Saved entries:
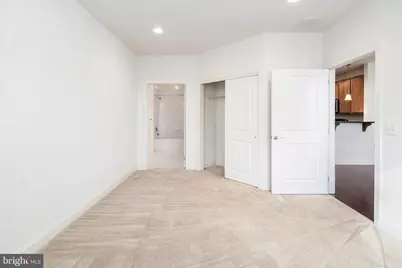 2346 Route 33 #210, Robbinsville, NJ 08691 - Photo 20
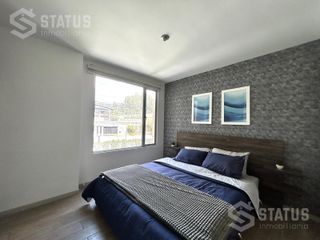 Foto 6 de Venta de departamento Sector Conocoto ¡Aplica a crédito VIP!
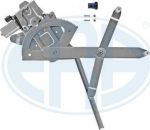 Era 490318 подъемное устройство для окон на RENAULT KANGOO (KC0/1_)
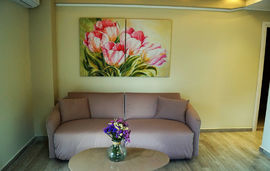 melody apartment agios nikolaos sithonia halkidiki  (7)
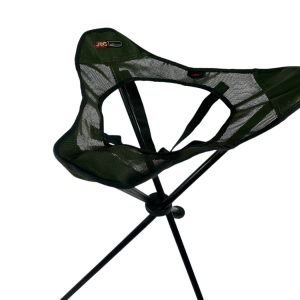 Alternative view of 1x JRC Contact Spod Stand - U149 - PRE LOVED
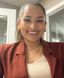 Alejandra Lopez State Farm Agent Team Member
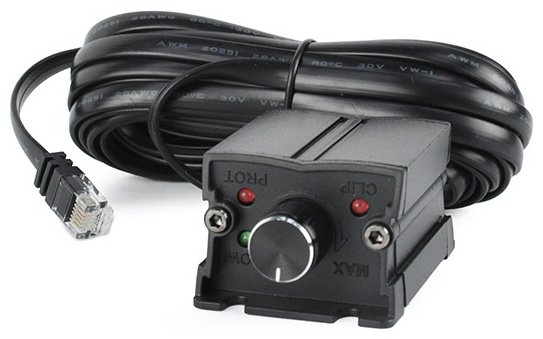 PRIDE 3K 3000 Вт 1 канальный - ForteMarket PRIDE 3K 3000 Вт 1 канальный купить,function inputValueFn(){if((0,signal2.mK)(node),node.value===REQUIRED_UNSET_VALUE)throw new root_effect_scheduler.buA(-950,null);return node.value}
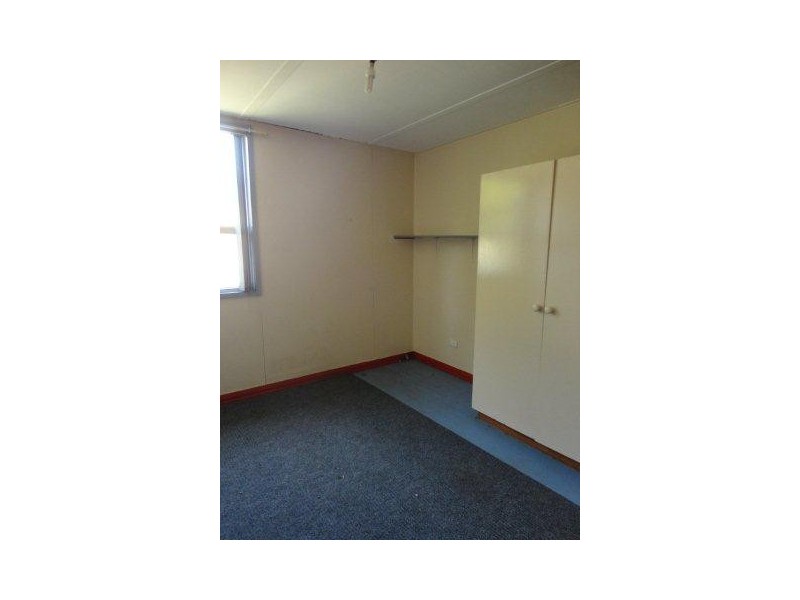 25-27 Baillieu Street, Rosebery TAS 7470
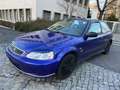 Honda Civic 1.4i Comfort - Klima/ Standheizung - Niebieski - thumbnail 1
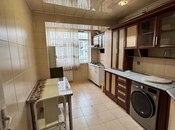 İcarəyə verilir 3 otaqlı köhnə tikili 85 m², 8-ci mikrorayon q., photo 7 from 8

...

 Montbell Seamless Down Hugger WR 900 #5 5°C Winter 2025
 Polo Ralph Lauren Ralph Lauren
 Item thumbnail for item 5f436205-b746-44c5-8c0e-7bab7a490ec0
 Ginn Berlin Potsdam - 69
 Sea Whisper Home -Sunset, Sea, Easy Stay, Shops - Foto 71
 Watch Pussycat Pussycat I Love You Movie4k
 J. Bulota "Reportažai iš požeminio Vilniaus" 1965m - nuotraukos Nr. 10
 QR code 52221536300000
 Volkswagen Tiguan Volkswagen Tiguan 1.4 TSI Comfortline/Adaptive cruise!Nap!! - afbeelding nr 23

...

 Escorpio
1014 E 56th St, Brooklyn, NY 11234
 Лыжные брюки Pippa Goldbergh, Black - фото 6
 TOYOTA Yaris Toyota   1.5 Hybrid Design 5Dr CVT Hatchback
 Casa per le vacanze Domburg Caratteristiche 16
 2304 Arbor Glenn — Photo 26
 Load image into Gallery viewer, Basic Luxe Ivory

▸ **To do**
Exactly the lines above, from the one containing "25-27 Baillieu Street, Rosebery TAS 7470" down to the one containing "İcarəyə verilir 3", are to be repeated, including both ends. Pictures are not part of the copy.

▸ **Exercise answer**
 25-27 Baillieu Street, Rosebery TAS 7470
 Honda Civic 1.4i Comfort - Klima/ Standheizung - Niebieski - thumbnail 1
 İcarəyə verilir 3 otaqlı köhnə tikili 85 m², 8-ci mikrorayon q., photo 7 from 8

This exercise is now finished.